Fourthly, both liberalism and Marxism imagine the future as the complete realization and final triumph of the ideals they profess – either a capitalist market economy and bourgeois democracy, or a unified, uniform communist society that has overcome all social differences, in which the principle “from each according to his ability, to each according to his needs” will be realized.
In turn, supporters of the civilizational approach to the history and future of humanity are confident that cycles and crises, the periodic change of historical supercycles, world civilizations and generations of local civilizations will persist as long as human society exists. In the same way, new challenges of the time will arise, and the need to give adequate answers to them will be necessary, and civilizational diversity will be preserved [1].
"Right" Views of History: The Cyclical Concept of History
Representatives of the cyclical approach, as a rule, proceed from the conviction that "there is nothing in our world that is outside of time and outside of the cycle. Time is not linear, but cyclical. The cycle is an obligatory property of consciousness. It is the beginning and the end. It is, first of all, a property of time" [5].
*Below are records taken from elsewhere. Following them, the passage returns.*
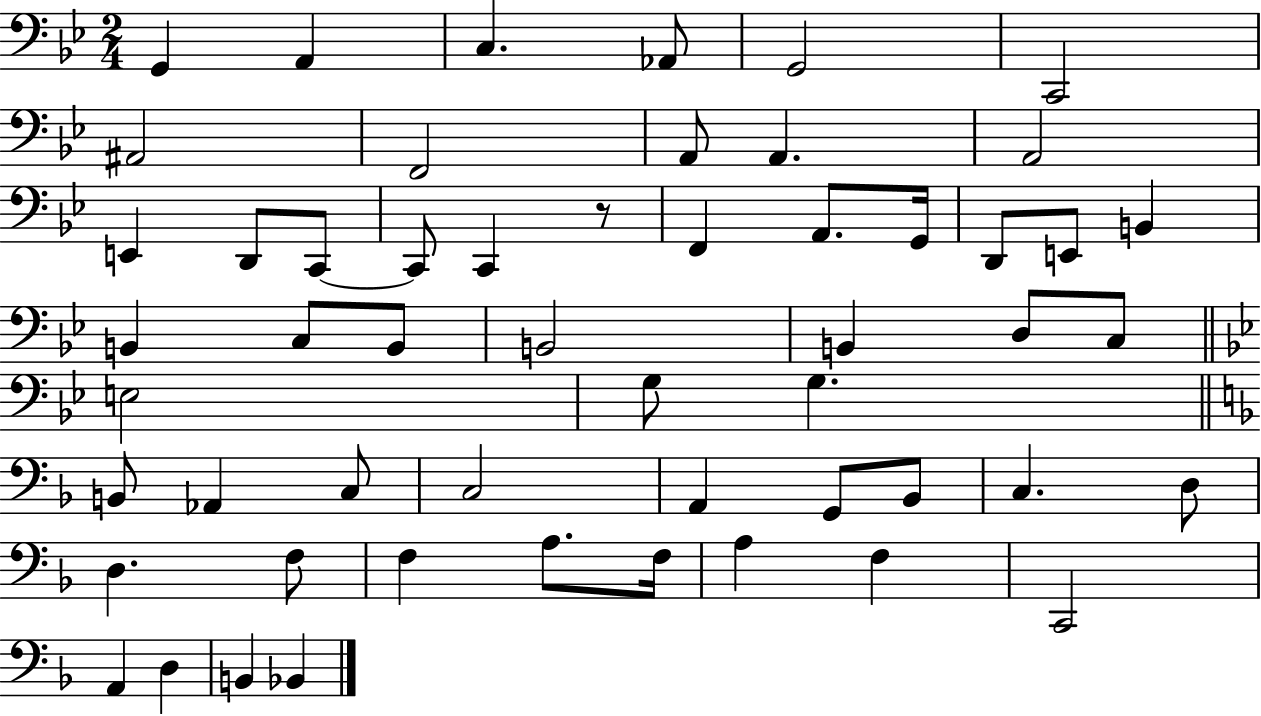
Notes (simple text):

G2/q A2/q C3/q. Ab2/e G2/h C2/h A#2/h F2/h A2/e A2/q. A2/h E2/q D2/e C2/e C2/e C2/q R/e F2/q A2/e. G2/s D2/e E2/e B2/q B2/q C3/e B2/e B2/h B2/q D3/e C3/e E3/h G3/e G3/q. B2/e Ab2/q C3/e C3/h A2/q G2/e Bb2/e C3/q. D3/e D3/q. F3/e F3/q A3/e. F3/s A3/q F3/q C2/h A2/q D3/q B2/q Bb2/q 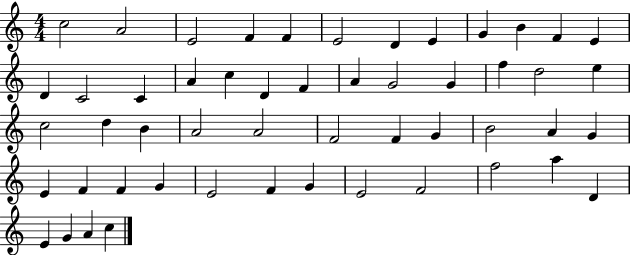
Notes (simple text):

C5/h A4/h E4/h F4/q F4/q E4/h D4/q E4/q G4/q B4/q F4/q E4/q D4/q C4/h C4/q A4/q C5/q D4/q F4/q A4/q G4/h G4/q F5/q D5/h E5/q C5/h D5/q B4/q A4/h A4/h F4/h F4/q G4/q B4/h A4/q G4/q E4/q F4/q F4/q G4/q E4/h F4/q G4/q E4/h F4/h F5/h A5/q D4/q E4/q G4/q A4/q C5/q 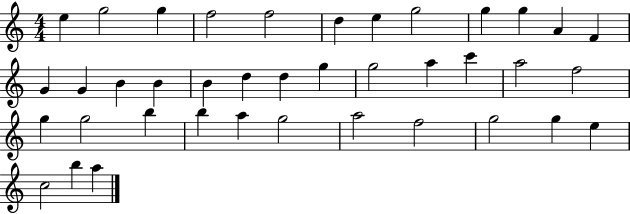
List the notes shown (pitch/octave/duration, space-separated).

E5/q G5/h G5/q F5/h F5/h D5/q E5/q G5/h G5/q G5/q A4/q F4/q G4/q G4/q B4/q B4/q B4/q D5/q D5/q G5/q G5/h A5/q C6/q A5/h F5/h G5/q G5/h B5/q B5/q A5/q G5/h A5/h F5/h G5/h G5/q E5/q C5/h B5/q A5/q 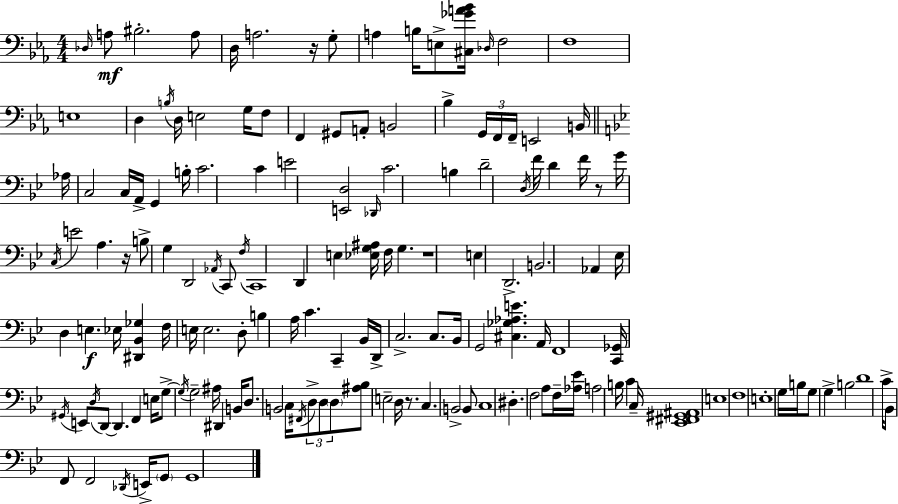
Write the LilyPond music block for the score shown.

{
  \clef bass
  \numericTimeSignature
  \time 4/4
  \key c \minor
  \grace { des16 }\mf a8 bis2.-. a8 | d16 a2. r16 g8-. | a4 b16 e8-> <cis ges' a' bes'>16 \grace { des16 } f2 | f1 | \break e1 | d4 \acciaccatura { b16 } d16 e2 | g16 f8 f,4 gis,8 a,8-. b,2 | bes4-> \tuplet 3/2 { g,16 f,16 f,16-- } e,2 | \break b,16 \bar "||" \break \key bes \major aes16 c2 c16 a,16-> g,4 b16-. | c'2. c'4 | e'2 <e, d>2 | \grace { des,16 } c'2. b4 | \break d'2-- \acciaccatura { d16 } f'16 d'4 f'16 | r8 g'16 \acciaccatura { c16 } e'2 a4. | r16 b8-> g4 d,2 | \acciaccatura { aes,16 } c,8 \acciaccatura { f16 } c,1 | \break d,4 e4 <ees g ais>16 f16 g4. | r1 | e4 d,2.-> | b,2. | \break aes,4 ees16 d4 e4.\f | ees16 <dis, bes, ges>4 f16 e16 e2. | d8-. b4 a16 c'4. | c,4-- bes,16 d,16-> c2.-> | \break c8. bes,16 g,2 <cis ges aes e'>4. | a,16 f,1 | <c, ges,>16 \acciaccatura { gis,16 } e,8 \acciaccatura { d16 } d,8~~ d,4. | f,4 e16 g8->~~ \acciaccatura { g16 } g2-- | \break ais16 dis,4 b,16 d8. b,2 | c16 \acciaccatura { fis,16 } \tuplet 3/2 { d8-> d8 \parenthesize d8 } <ais bes>8 e2-- | d16 r8. c4. b,2-> | b,8 c1 | \break dis4.-. f2 | a8 f16-- <aes ees'>16 a2 | b16 c'4 c16-- <ees, fis, gis, ais,>1 | e1 | \break f1 | e1-. | g16 b16 g8 g4-> | b2 d'1 | \break c'16-> bes,8 f,8 f,2 | \acciaccatura { des,16 } e,16-> \parenthesize g,8 g,1 | \bar "|."
}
There are many cyclical theories. The most pessimistic views were those of European traditionalists, who believed that movement is always regressive due to the growth of destructive forces and as a result of objective regularity ("cyclical laws"). Therefore, natural and social cataclysms occur periodically, as a result of which truths previously accessible to humanity become increasingly hidden and inaccessible [6].
The first concepts of cyclic dynamics emphasized the interrelationship of natural cycles, socio-historical and political processes. As a rule, they had a pronounced mythologized character. One of the first was the ancient Greek thinker Hesiod (7th century BC). Hesiod's cyclic concept is expressed in the legend of the "Five Ages" (golden, silver, copper, heroic and iron), or five generations of people, with each subsequent generation being worse than the previous one.
The main provisions of Hesiod's cyclical concepts were later used by Plato. It can be said that Plato was one of the first in Ancient Greece to propose and use the concept of cyclicity to solve practical policy issues. In the dialogue "The Republic", Plato approaches the classical definition of a cycle in the form of a circle. Using Hesiod's myth of the "Five Ages", he classifies forms of government in a descending line from aristocracy to tyranny based on the gradual weakening of moral and virtuous principles in people [5].
However, the concept of cyclical development received its fundamental impetus in the New Age, since a number of philosophers tried to understand the emerging changes of a new type. In the political doctrines of the New Age, the theory of cyclical development was consistently developed by Giambattista Vico (1668–1744) in his treatise “Foundations of a New Science on the General Nature of Nations.”
In his opinion, all nations evolve according to a universal pattern, repeating the pattern of individual development: birth, progressive growth, decline and death – such a chain of regularities forms the cyclical nature of the historical process. His cyclical model is combined with the idea of the progressive development of nations and is not a cyclical-circular model, but rather a sinusoidal one, with phases of rise, flourishing and decline. In a very metaphorical form, Vico in his work states the idea of uneven political development, which actually takes his theory beyond the traditionalist idea of a cycle and thus distinguishes his concept from the concepts of thinkers of antiquity and the Renaissance [5].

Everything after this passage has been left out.